A Python implementation of the MD-LD format. The format itself was designed by @davay42, whose JavaScript davay42/mdld-parse is the companion reference for the syntax.


Quick start

python -m venv .venv
source .venv/bin/activate
pip install -e .
from mdld_parse import parse

text = """
[ex] <http://example.org/>

# Document {=ex:doc .ex:Article label}

[Alice] {?ex:author =ex:alice .prov:Person ex:firstName label}
[Smith] {ex:lastName}
"""

result = parse({'text': text})

for q in result['quads']:
    print(q.subject.value, q.predicate.value, q.object.value)

The quads list contains RDF/JS-shaped Quad objects (Python dataclasses exposing subject, predicate, object, graph); result['origin'] carries the lean source map; result['primary_subject'] names the document's central entity.


What MD-LD is

MD-LD is RDF you can read, write, diff, and share without leaving Markdown.
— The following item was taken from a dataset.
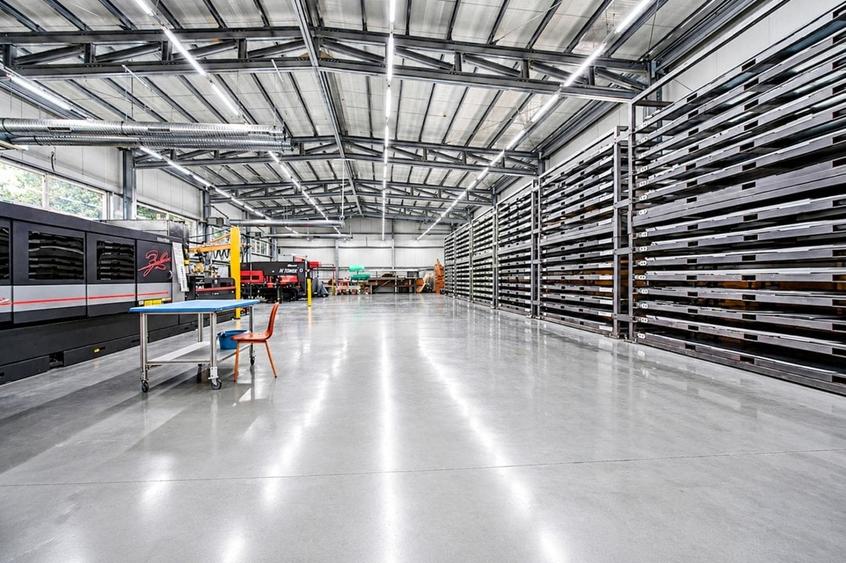 Spațiu industrial, de 772.83001708984 mp, în Central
You add semantics by attaching {...} annotations to value carriers (links, emphasis, headings, list items, code blocks, blockquotes). Strip the annotations and you are left with normal Markdown.
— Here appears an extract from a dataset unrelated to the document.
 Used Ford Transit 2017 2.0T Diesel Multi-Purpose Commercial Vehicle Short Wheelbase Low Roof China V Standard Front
Three things may be in scope at any annotation:

Symbol Meaning
S current subject (an IRI)
O object IRI (from a link, image, or {+iri})
L literal text from the attached value carrier

No subject, no triple. No {...}, no semantics. Nothing is inferred.

Core features

  • Prefix folding — build hierarchical namespaces by composing prefixes
  • Subject declarations{=IRI} and {=#fragment} set context
  • Soft objects{+IRI}, {+#fragment} declare temporary objects
  • Three predicate formsp (S→L), ?p (S→O), !p (O→S)
  • Type declarations.Class emits rdf:type
  • Datatypes & languages^^xsd:date, @en
  • Polarity+/- prefixes for diff authoring and retraction
  • Origin tracking — every quad indexed back to its source span
  • Elevated statements — automatic rdf:Statement pattern detection
  • Round-trip safeparsegenerate preserves data and primary subject

Documentation


A taste of the format

[my] <tag:alice@example.com,2026:>

# 2026-02-27 {=my:journal-2026-02-27 .my:Event my:date ^^xsd:date}

## A nice day in the park {label}

Mood: [Happy] {my:mood}, energy [8] {my:energyLevel ^^xsd:integer}.
Met [Sam] {+my:sam .my:Person ?my:attendee} at
[Central Park] {+my:central-park ?my:location .my:Place label @en}.
The weather was [Sunny] {my:weather}.

After parsing, the document is a queryable graph keyed by tag:alice@example.com,2026:journal-2026-02-27 with the relevant relationships to my:sam, my:central-park, and the typed/tagged literals.


Public API

All functions live at the package root and accept dict-style inputs that compose by spreading:

from mdld_parse import parse, generate, generate_node, merge, locate, render
Function Purpose Returns
parse(text | {'text': ..., 'context': ...}) text → quads + origin {'quads', 'remove', 'statements', 'origin', 'context', 'primary_subject'}
generate(quads | {'quads': ..., 'context': ..., 'primary_subject': ...}) quads → deterministic MD-LD {'text', 'context'}
generate_node(..., focus_iri=...) quads → MD-LD centered on one IRI {'text', 'context'}
merge([doc1, doc2, ...], options) merge documents with diff polarity {'quads', 'remove', 'statements', 'origin', 'context', 'primarySubjects'}
locate(quad, origin) quad → source-map entry {'blockId', 'range', 'carrierType', ...} or None
render(text, options) MD-LD → HTML + RDFa {'html', 'context', 'metadata'}

The dict-spread pattern composes naturally:

parsed = parse({'text': text, 'context': {'ex': 'http://example.org/'}})
canonical = generate(parsed)                       # parse → generate
node_view = generate_node(parsed, focus_iri='http://example.org/alice')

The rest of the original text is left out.